What is the elbow method and why is it used?

It helps choose the number of clusters K by looking at how inertia changes.

The elbow method plots the number of clusters (K) on the x-axis versus the inertia (within-cluster sum of squared distances) on the y-axis. As K increases, inertia decreases. The elbow point is where the rate of decrease sharply changes (the curve bends). This suggests the optimal K beyond which adding more clusters gives diminishing returns.

Question 7

Medium

What is the output?

from sklearn.cluster import DBSCAN
import numpy as np

X = np.array([[1, 2], [2, 2], [2, 3], [8, 7], [8, 8], [25, 80]])
db = DBSCAN(eps=1.5, min_samples=2)
labels = db.fit_predict(X)
print(labels)
print(f"Noise points: {list(labels).count(-1)}")

Points within eps=1.5 of each other form clusters. The point at [25, 80] is far from everything else.

[0 0 0 1 1 -1]
Noise points: 1

Question 8

Medium

What are the two key parameters of DBSCAN, and what does each control?

One controls the neighborhood radius and the other controls the minimum density.

eps (epsilon): The maximum distance between two points for them to be considered neighbors. min_samples: The minimum number of points within eps distance required for a point to be considered a core point (part of a dense region).

Question 9

Medium

What is the difference between a core point, a border point, and a noise point in DBSCAN?

It depends on how many neighbors a point has within eps distance.

Core point: Has at least min_samples points within eps distance (including itself). It is in the dense interior of a cluster. Border point: Has fewer than min_samples neighbors but is within eps distance of a core point. It sits on the edge of a cluster. Noise point: Has fewer than min_samples neighbors and is not within eps of any core point. Labeled -1 by DBSCAN.

Question 10

Medium

What is the output?

from sklearn.cluster import AgglomerativeClustering
import numpy as np

X = np.array([[1, 1], [1.5, 1.5], [5, 5], [5.5, 5.5], [9, 9], [9.5, 9.5]])
agg = AgglomerativeClustering(n_clusters=3, linkage='ward')
labels = agg.fit_predict(X)
print(labels)

Ward linkage minimizes within-cluster variance. Points near each other get grouped together.
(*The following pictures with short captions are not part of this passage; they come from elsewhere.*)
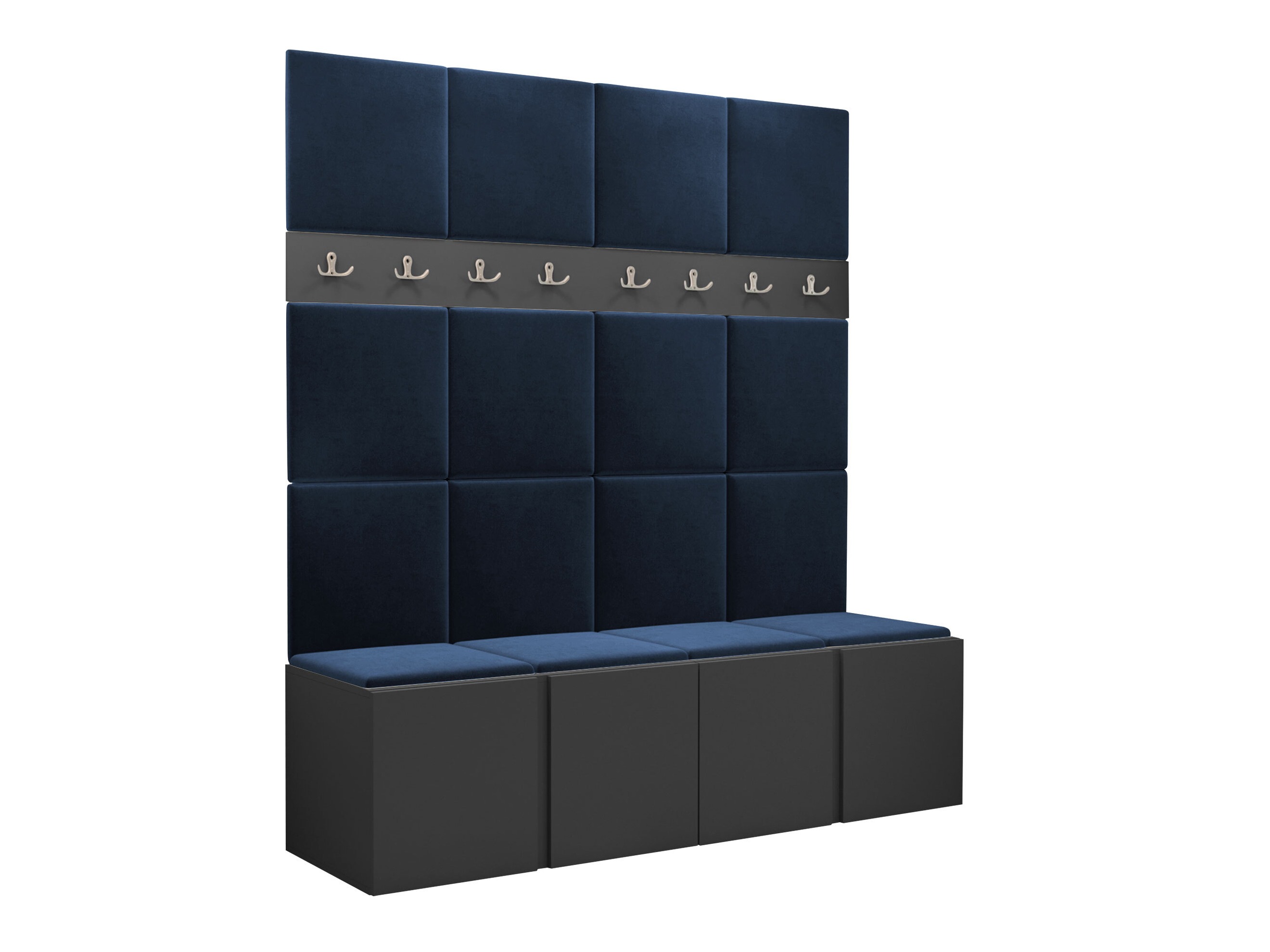 Hallway set Pinis V (Polo 891)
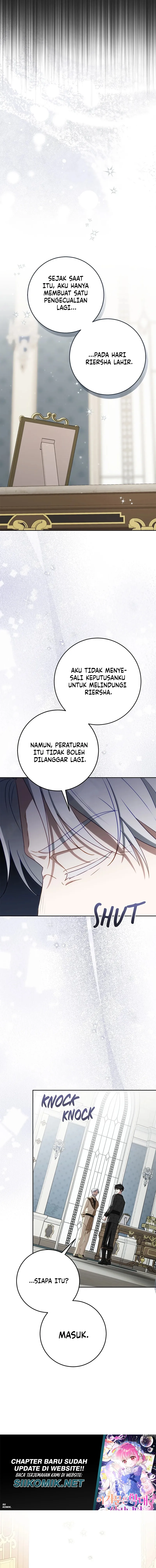The Family’s Youngest Is This Household’s Savior Chapter 10 - halaman 16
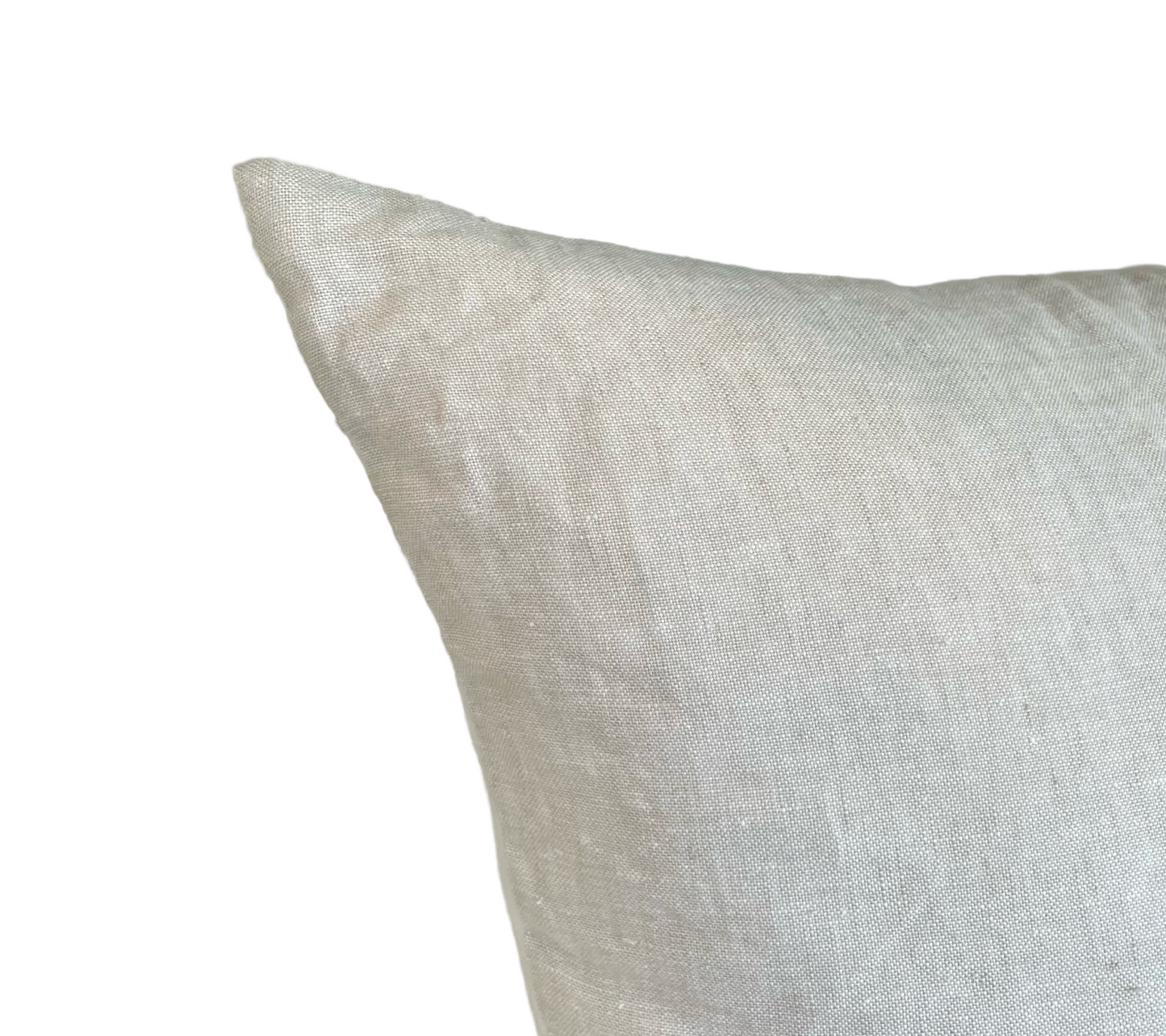 Textured Stitch Pillow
[0 0 1 1 2 2] (label numbers may vary but pairs are grouped together)

Question 11

Medium

What is the silhouette score and what range of values can it take?

It measures how similar a point is to its own cluster compared to other clusters.

The silhouette score measures clustering quality. For each point, it compares the average distance to points in its own cluster (a) versus the average distance to points in the nearest other cluster (b). The formula is: (b - a) / max(a, b). The score ranges from -1 to +1. +1 means the point is far from other clusters and close to its own. 0 means it is on the boundary. -1 means it is likely in the wrong cluster.

Question 12

Medium

What is the output?

from sklearn.cluster import KMeans
import numpy as np

X = np.array([[1, 1], [1, 2], [2, 1], [10, 10], [10, 11], [11, 10]])
km = KMeans(n_clusters=2, random_state=42, n_init=10)
km.fit(X)
print(km.predict([[1.5, 1.5]]))
print(km.predict([[10.5, 10.5]]))

predict() assigns new points to the nearest existing centroid.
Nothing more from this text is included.